DATASET:
· · · · · · ·

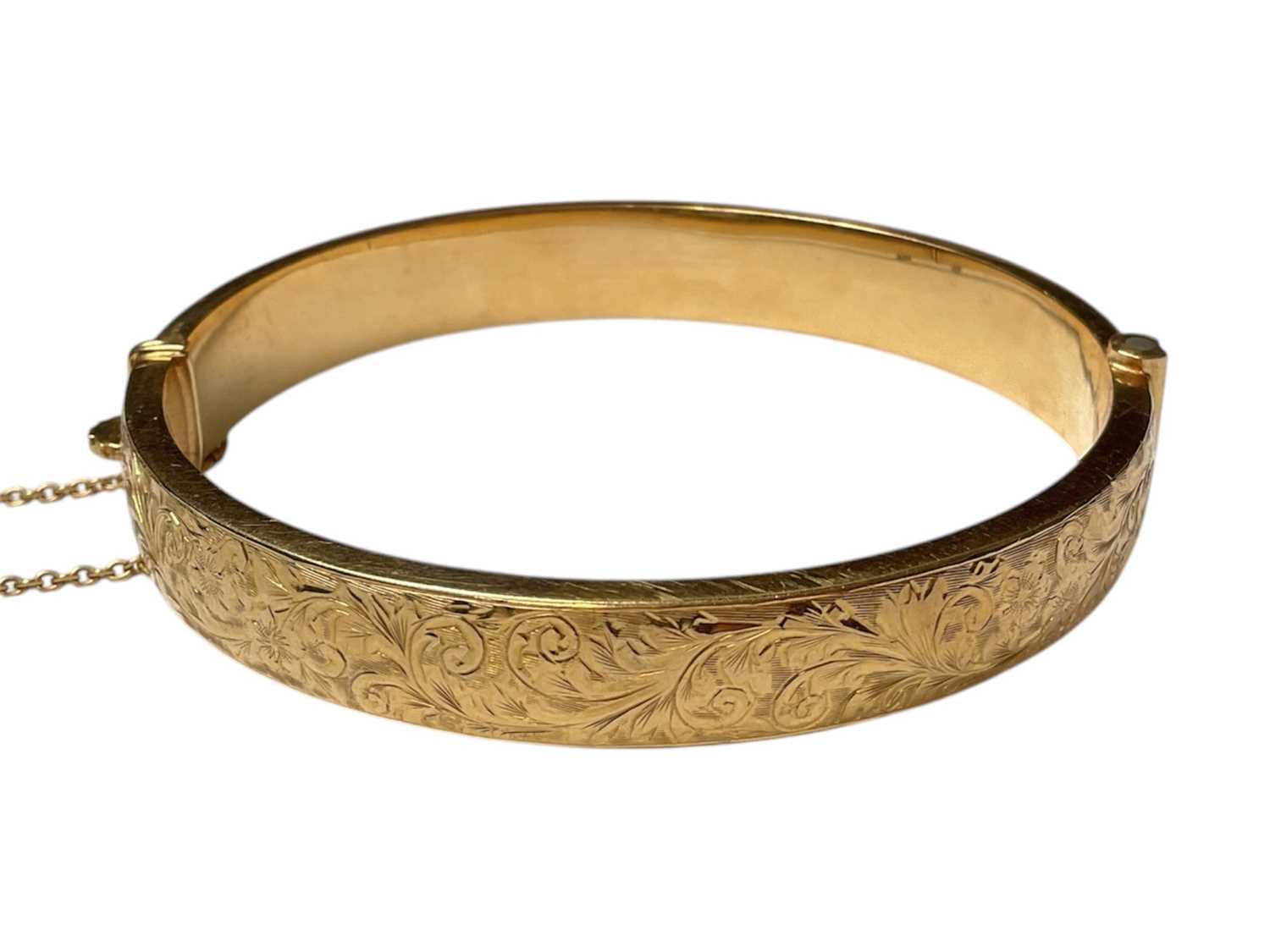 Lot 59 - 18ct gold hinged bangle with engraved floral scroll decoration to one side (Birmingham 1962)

· · · · · · ·

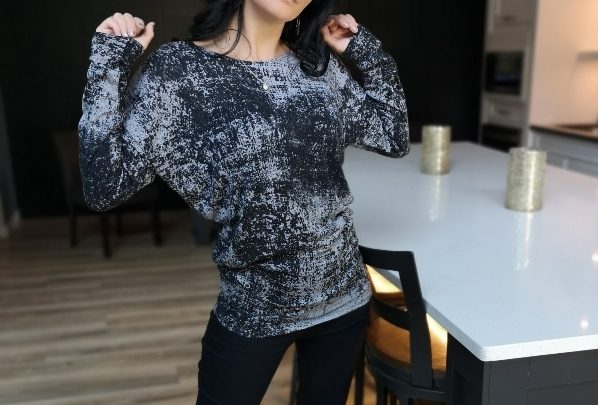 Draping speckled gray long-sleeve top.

· · · · · · ·

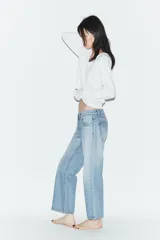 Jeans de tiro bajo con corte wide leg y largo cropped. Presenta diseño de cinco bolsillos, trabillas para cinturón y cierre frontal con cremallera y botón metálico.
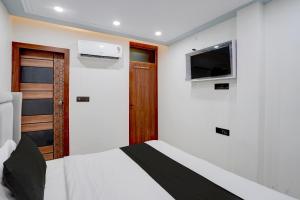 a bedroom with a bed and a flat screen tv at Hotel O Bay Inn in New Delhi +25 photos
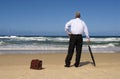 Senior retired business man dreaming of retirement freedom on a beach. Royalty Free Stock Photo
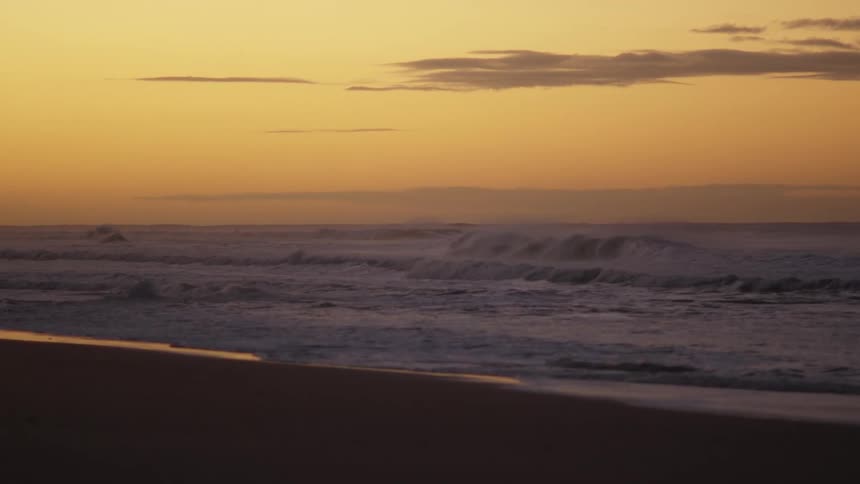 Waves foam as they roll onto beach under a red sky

· · · · · · ·

Nothing but the lines above from the line with "Senior retired business" up to and including the line with "Waves foam as" should be returned, exactly as written and without pictures.

 Senior retired business man dreaming of retirement freedom on a beach. Royalty Free Stock Photo
 Waves foam as they roll onto beach under a red sky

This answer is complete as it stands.